WHAT THE EXERCISE ASKS →
Instruction for the entries that follow: retype exactly the lines from the line with "Opluli ich i" to the line with "JEEKEE Recumbent Exercise", both included, and omit all others.

DATASET →
⟨

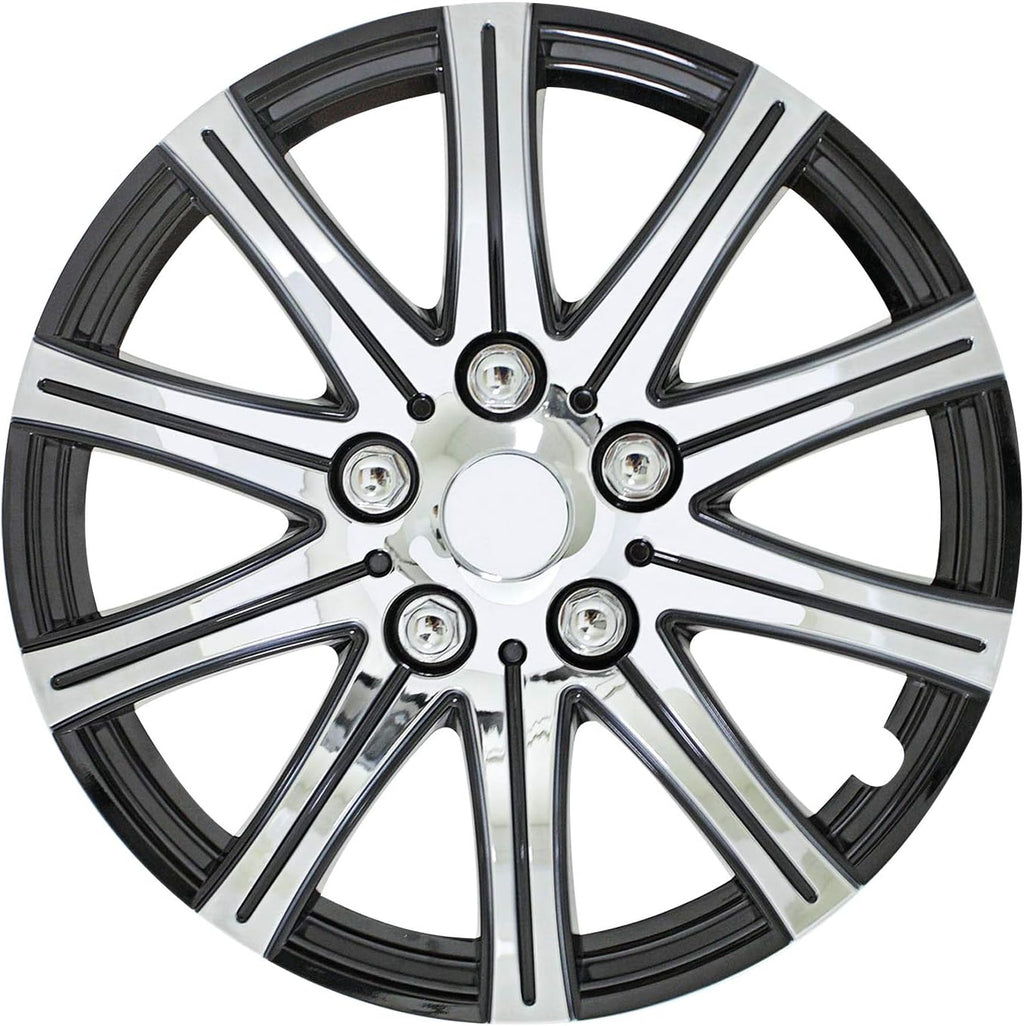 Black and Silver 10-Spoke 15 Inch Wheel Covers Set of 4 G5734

⟩
⟨

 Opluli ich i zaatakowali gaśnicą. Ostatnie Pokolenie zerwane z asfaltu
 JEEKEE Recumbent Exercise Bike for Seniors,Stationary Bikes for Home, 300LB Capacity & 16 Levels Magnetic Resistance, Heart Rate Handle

⟩

WRITTEN REPLY →
 Opluli ich i zaatakowali gaśnicą. Ostatnie Pokolenie zerwane z asfaltu
 JEEKEE Recumbent Exercise Bike for Seniors,Stationary Bikes for Home, 300LB Capacity & 16 Levels Magnetic Resistance, Heart Rate Handle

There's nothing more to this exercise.